Can you provide some examples? People say this a lot, but the cases I've been able to find tend to be things like U+01F1 LATIN CAPITAL LETTER DZ, which is only not well defined in the sense that Unicode defines it wrong (as one character rather than two) presumably-on-purpose, for compatibility with one or more older character encodings.


I don’t know about DZ, but things that are two letters in one language can be one in another (famously ij in Dutch, but there are others).

Also, things like æ and œ are much easier to deal with if they are a single glyphs. Their upper-case versions are respectively Æ and Œ even in languages where they are two letters. I suppose that now we would do it with something like ZWJs to make sure that both letters are transformed consistently but there are technical reasons behind the current situation.
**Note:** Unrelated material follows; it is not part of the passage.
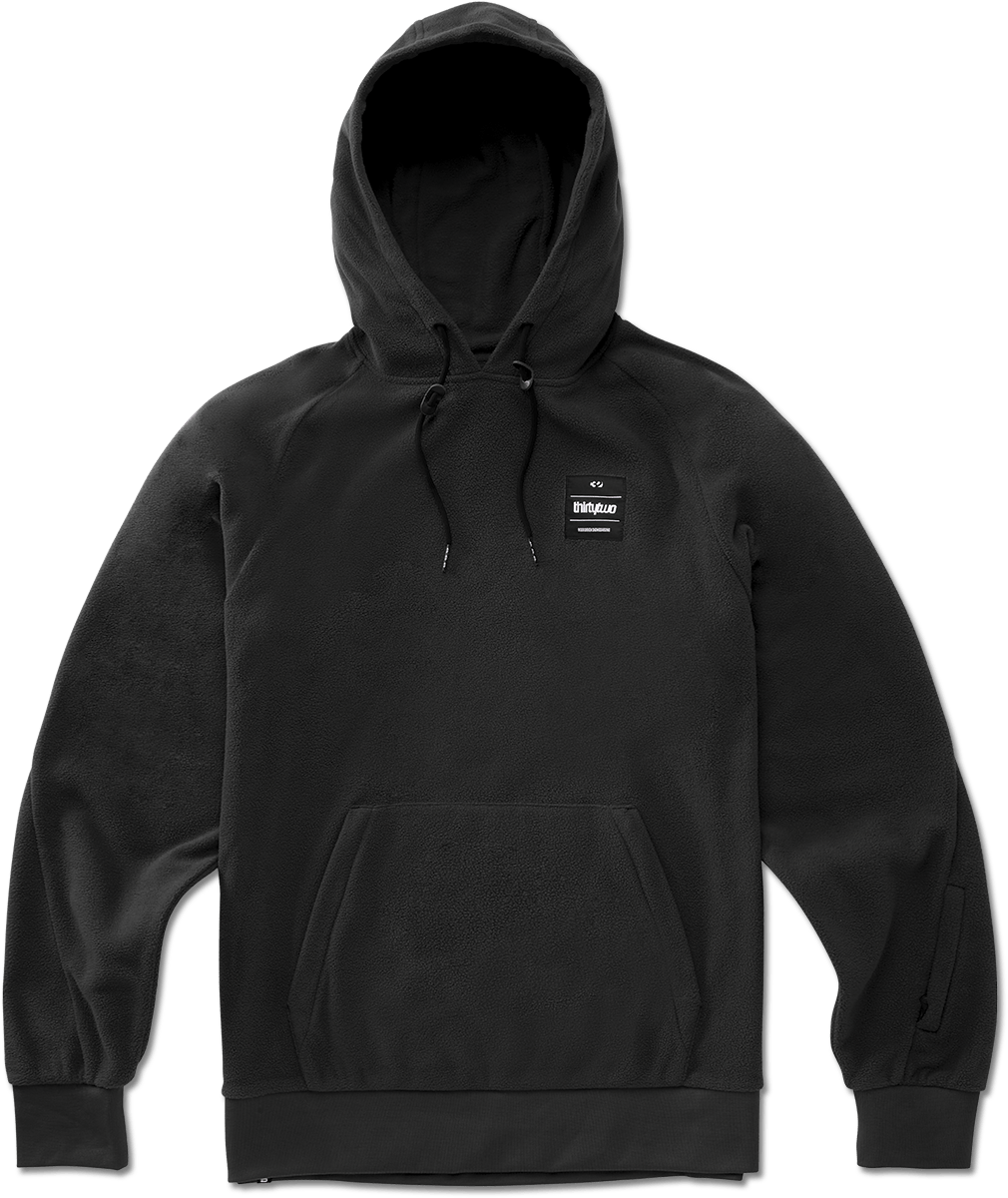 REST STOP PULLOVER Novelty Fleece ThirtyTwo Snowboard gear boots and bindings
[edit] here you go: dz is the 7th letter of the Hungarian alphabet, but the capital version (in a normal sentence) of dz is Dz and not DZ. Yeah, languages are weird: https://en.m.wikipedia.org/wiki/Hungarian_alphabet


> famously ij in Dutch

ij is considered two letters in Dutch, although they go by special rules: https://onzetaal.nl/taalloket/ij-plaats-in-alfabet


Is DZ "wrong" because it's not considered a digraph by professionals, or because people don't agree that digraphs should be considered single characters?


"DZ" isn't 'wrong', it's a perfectly valid two-character string consisting of "D" followed by "Z". Assigning to a multi-character string a encoded representation that isn't the concatenation of representations of each character in the string (especially while insisting that that makes it a distinct character in its own right) is what's wrong.


But the letter DZ is not the same thing as the letter D followed by the letter Z. It's a standalone letter in e.g. Hungarian or Slovak, much like æ isn't "ae".


True - I was thinking of Unicode's definition ("[extended] grapheme clusters").